Ese amor “incondicional” de adolescente expresado por
ambos bandos que culturalmente debieron adaptarse uno al otro, giraba alegre en
torno a diversos momentos congelados en fotos de: reuniones sociales, ferias,
espectáculos deportivos y musicales, y como no, las fiestas alocadas de fin de
verano frente al mar que finalizaban a la mañana siguiente. Fotografías que
después, ella subiría a la cuenta de su red social al medio año cuando se
terminó todo en un abrir y cerrar de ojos su amorío. A ella le quedaba sólo
tener como remembranzas esos pasajes frescos que estaban registrados en su
álbum, y recibir: “me gusta”; por ejemplo, de sus cientos de amigos, quienes
estaban hablando de eso, adjuntando comentarios escritos de toda índole.
Así estaban las cosas en resumen.
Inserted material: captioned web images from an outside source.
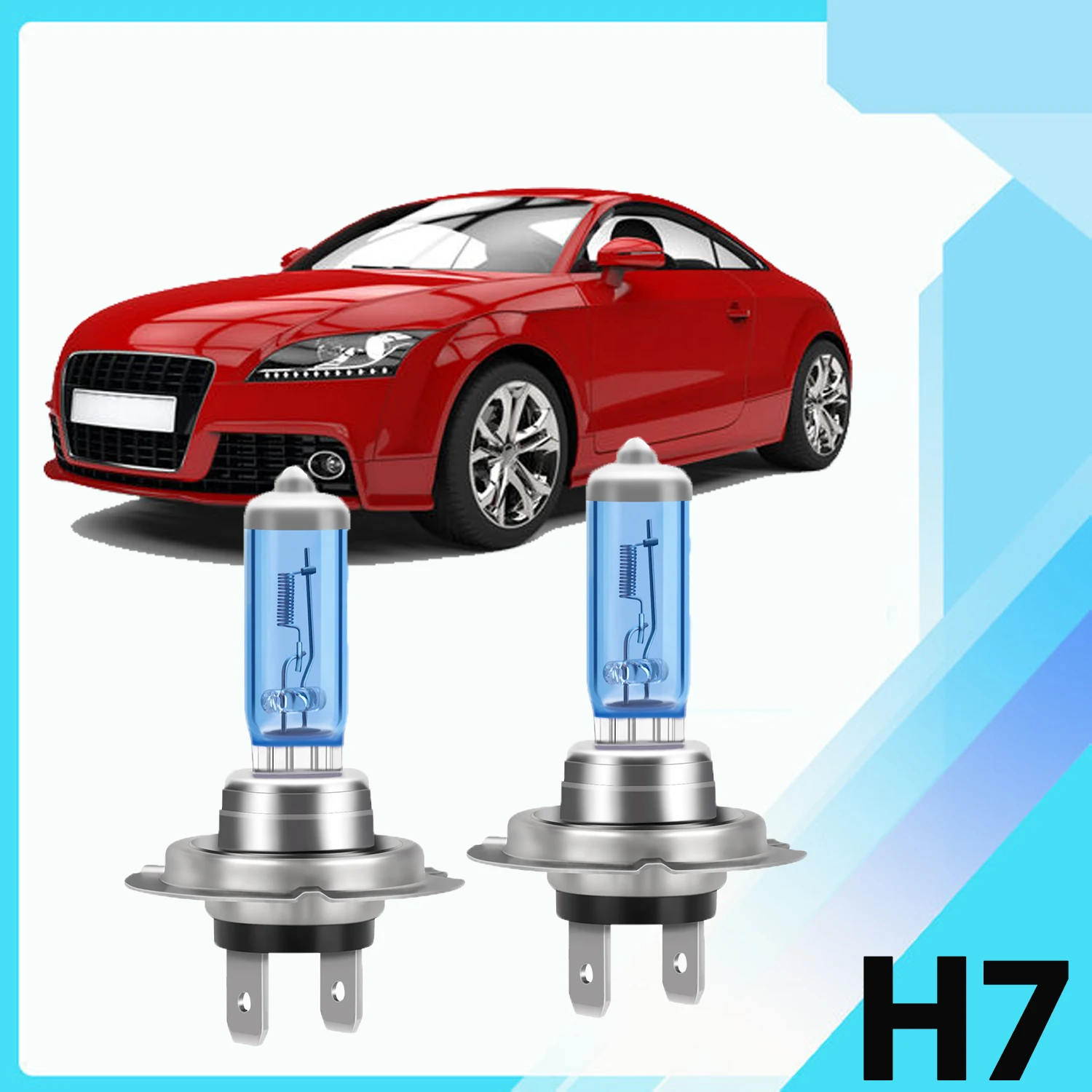

2x H7 Xenon White Super Halogen Headlight Bulbs 100W 6000K LED Headlamp 1:1 installation Car Bulb
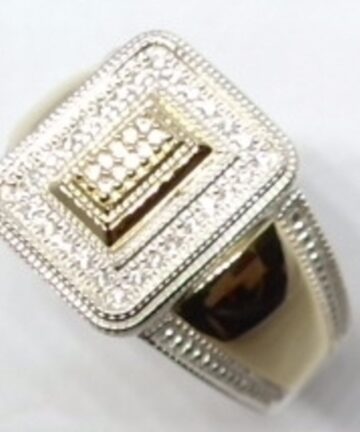 GSR-454 SILVER & GOLD FANCY CZ DRESS RING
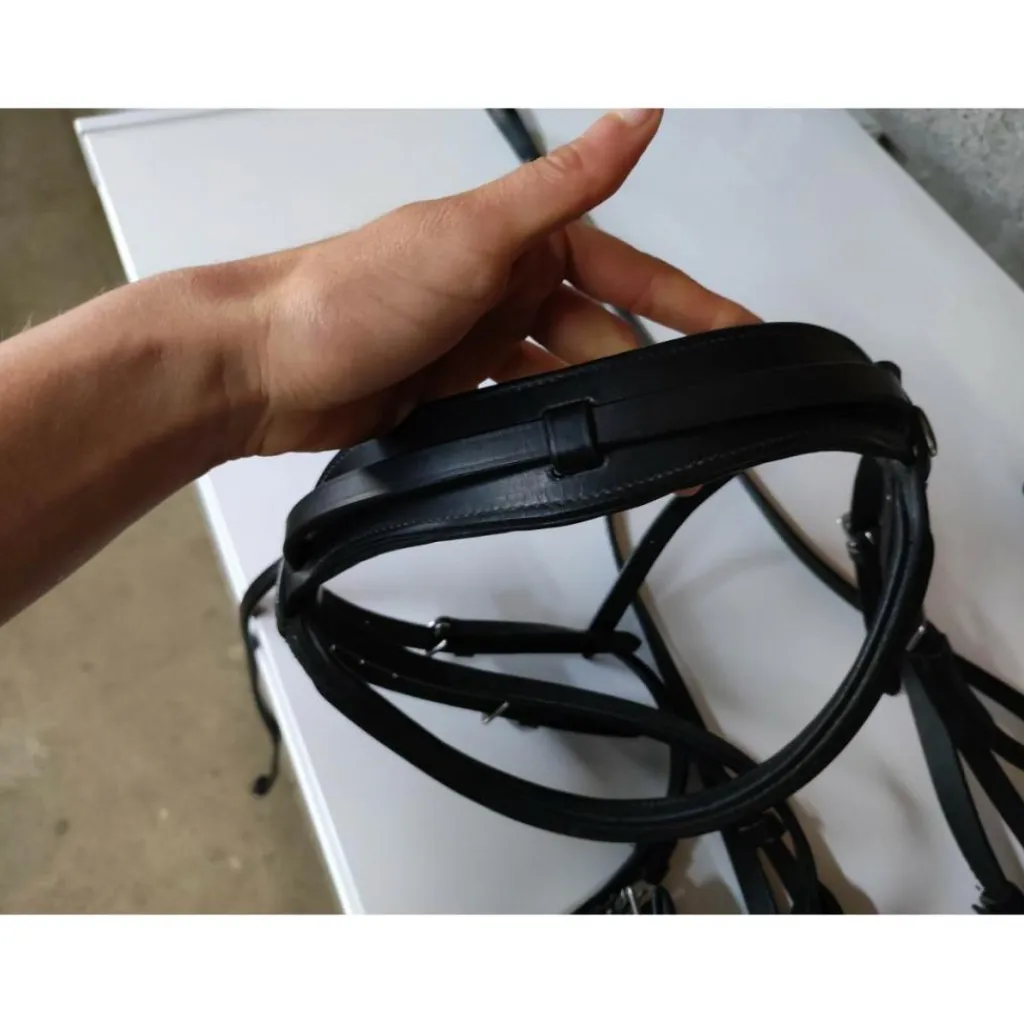 Happy Mouth Brides>Bride cuir noir taille cheval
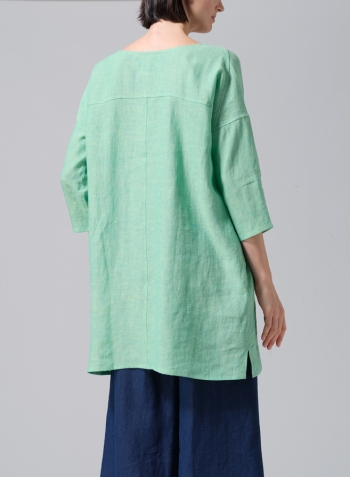 Two Tone Yellow Green Linen Oversized Top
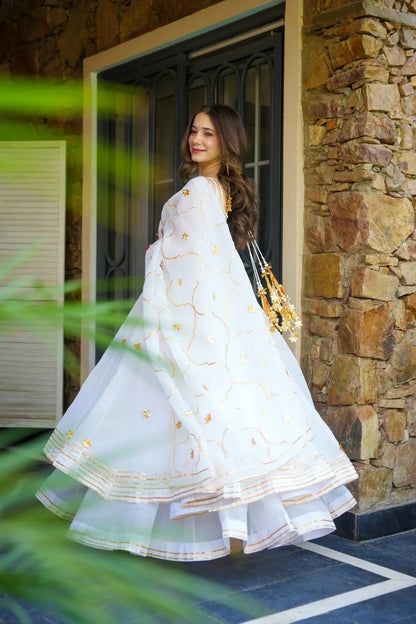 White Pure Soft Organza Silk Kurti Pent With Dupatta Set 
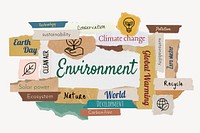 Environment word, torn paper typography psd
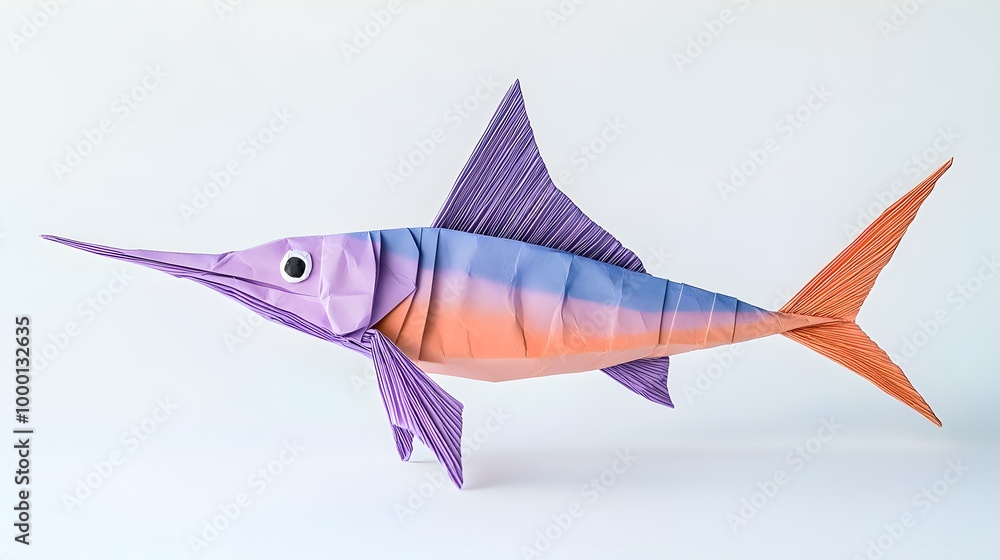 create An origami A Cute Swordfish: Fish with a long, sword-shaped bill , in a graceful pose, with intricate folds in detail. The setting should be playful and endearing, with soft pastel-colored 
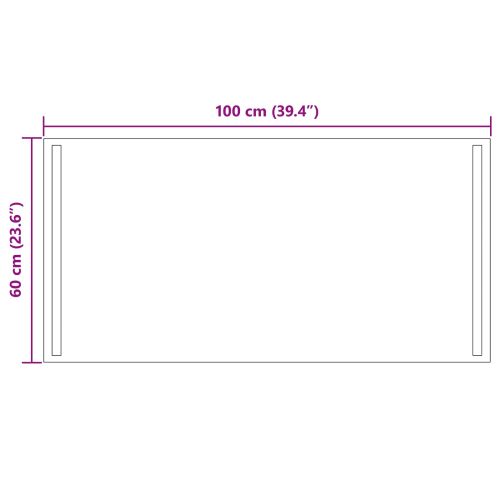 LED огледало за баня Прозрачен 100 x 60 cm закалено стъкло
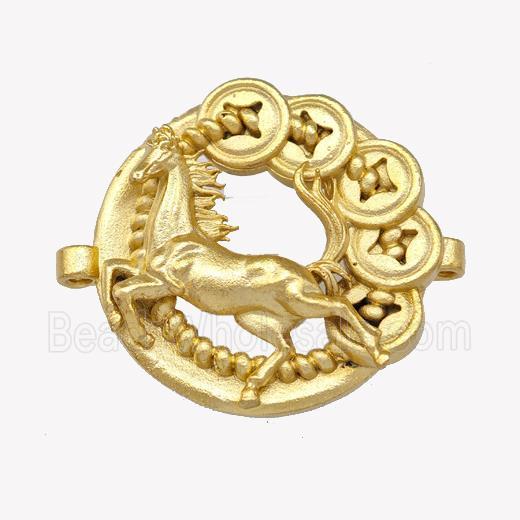 Copper Pegasus Charms Connector Horse Gold Plated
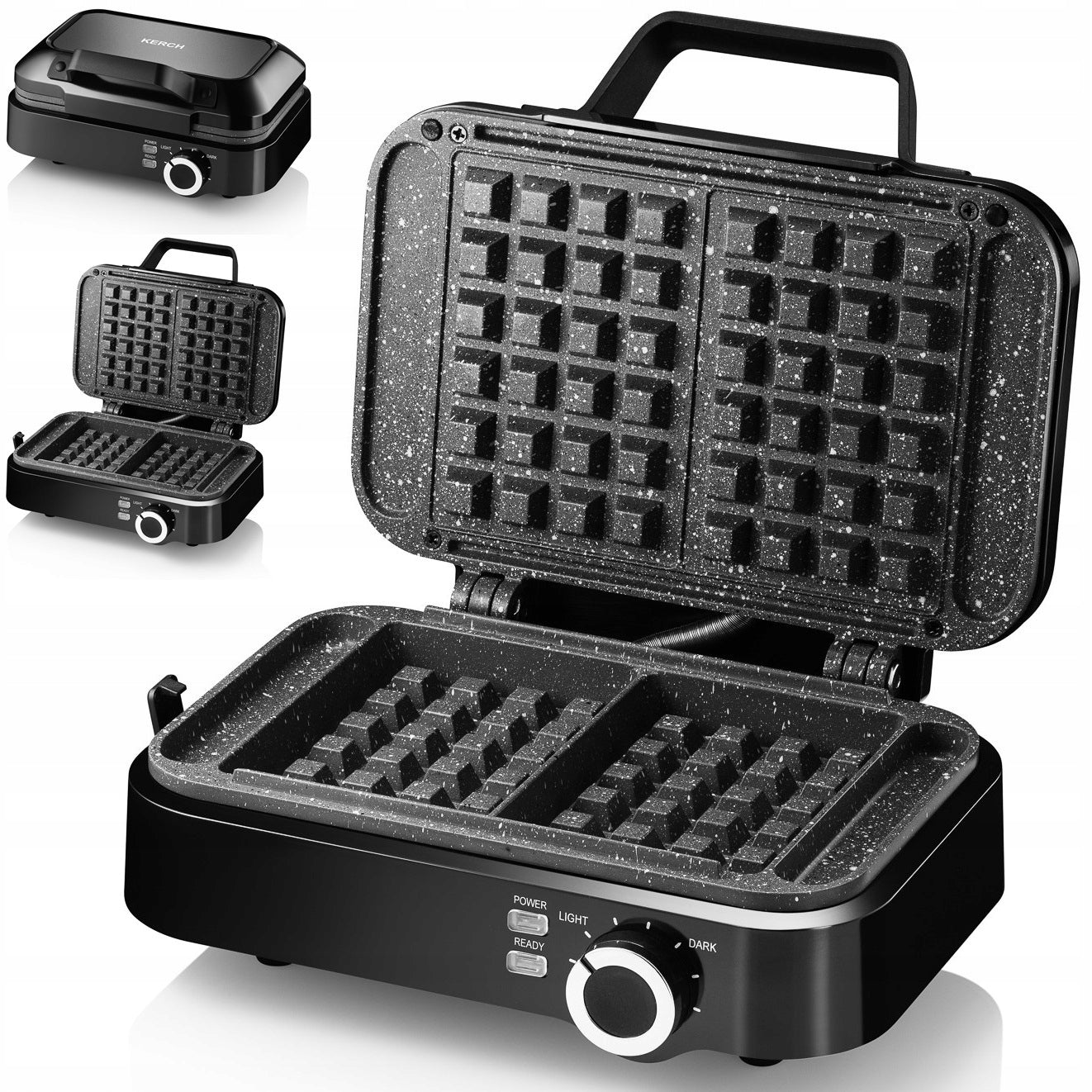 WAFFLE MAKER 2 CRISPY WAFFLES REGULATION KERCH SMART MARBLE COATING 2200W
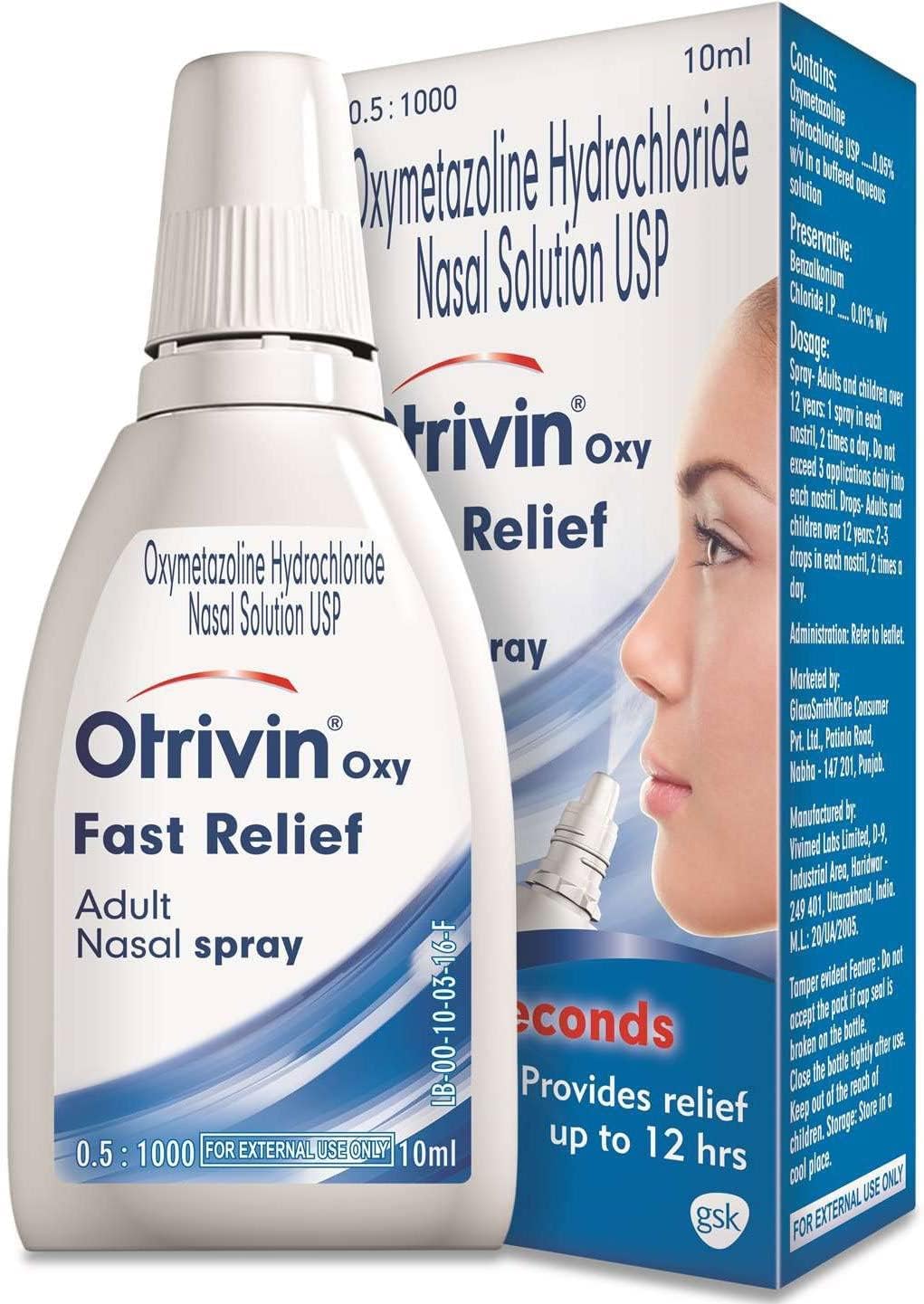 Otrivin Adult Nasal Spray: Fast Acting, Pack of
Por los demás, ya me
era engorroso seguir husmeando en su vida íntima a través de su página abierta
de facebook: lo que escribía en los muros de sus amigas, la cantidad de
solicitudes de amistad en espera por ansiosos chicos, los mensajes triviales
recibidos, las invitaciones a eventos, etc., etc.; pero era una manera de
correr el tiempo hasta que ella salga de mi habitación y regrese a la suya. Mis
risas se confundían con sus gemidos descontrolados que se detuvieron en
seguida. Ella deslizó de par en par la puerta y con la ropa bañada en sudor y
ceñida; el cabello desordenado y en su sorpresa, se enfrentó a mí.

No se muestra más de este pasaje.